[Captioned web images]

•••••

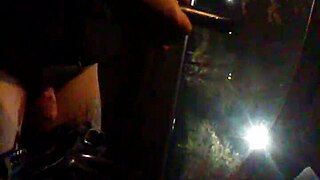 Alone in the car, jerking off cock outdoors for public masturbation thrill.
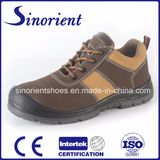 Dual Density PU Outsole Safety Shoes with Nubuck Leather Snn427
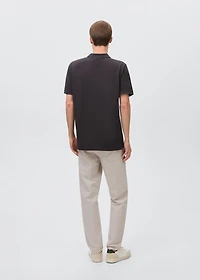 Cotton piqué polo shirt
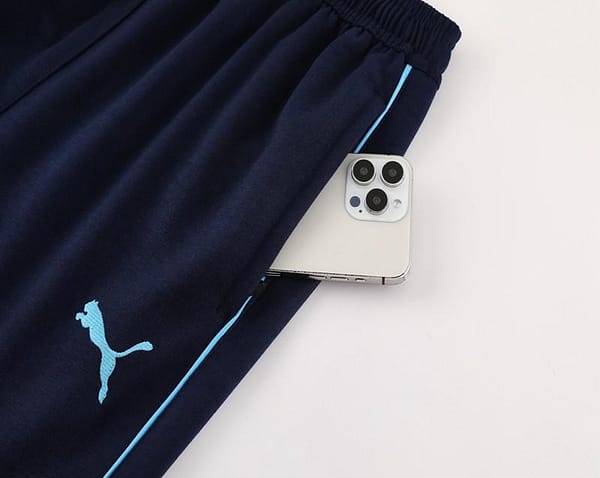 24/25 Manchester United Skyblue Full Zipper Jacket +Long Pants - Image 4
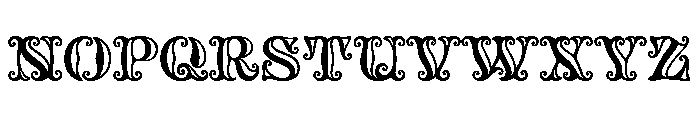 Tusque Tooled Font UPPERCASE
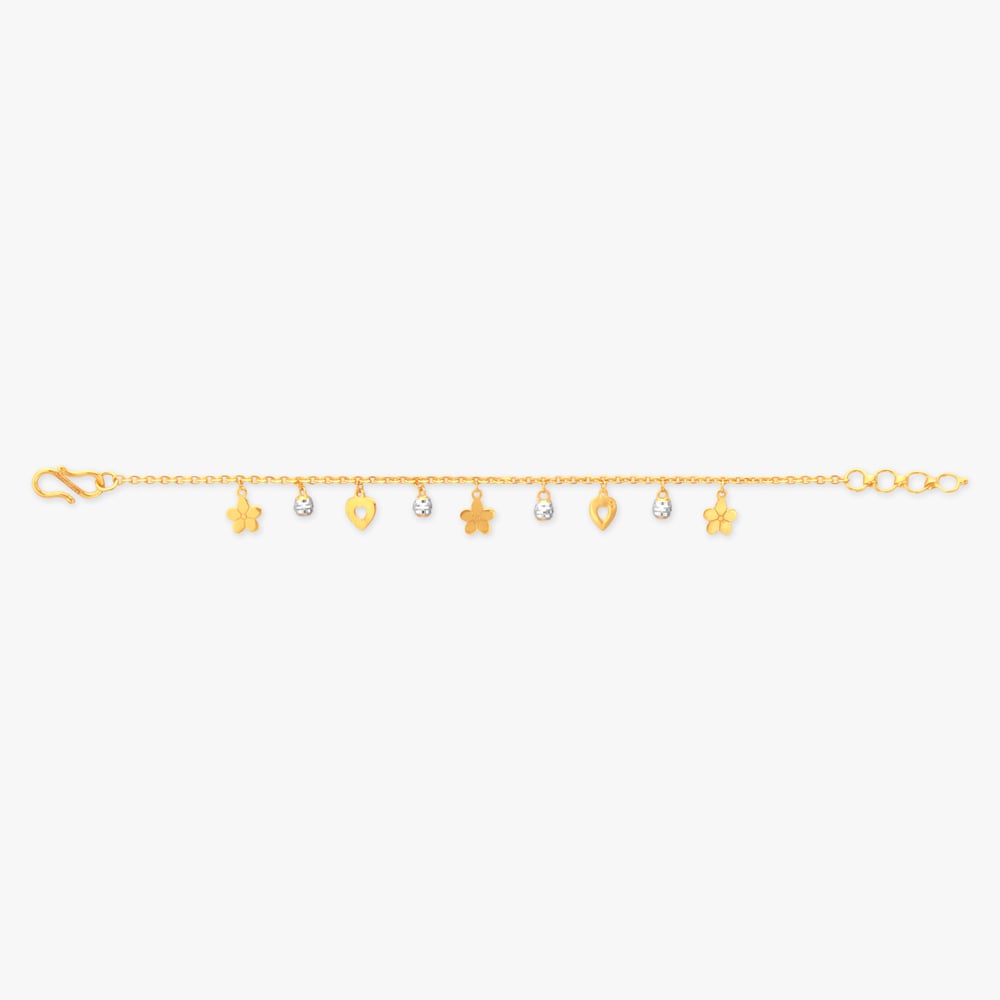 Twinkling Garden Gold Bracelet for Kids,,hi-res image number null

•••••

__Action item__.
Transcribe all records verbatim, no pictures.

__Exercise output__.
 Alone in the car, jerking off cock outdoors for public masturbation thrill.
 Dual Density PU Outsole Safety Shoes with Nubuck Leather Snn427
 Cotton piqué polo shirt
 24/25 Manchester United Skyblue Full Zipper Jacket +Long Pants - Image 4
 Tusque Tooled Font UPPERCASE
 Twinkling Garden Gold Bracelet for Kids,,hi-res image number null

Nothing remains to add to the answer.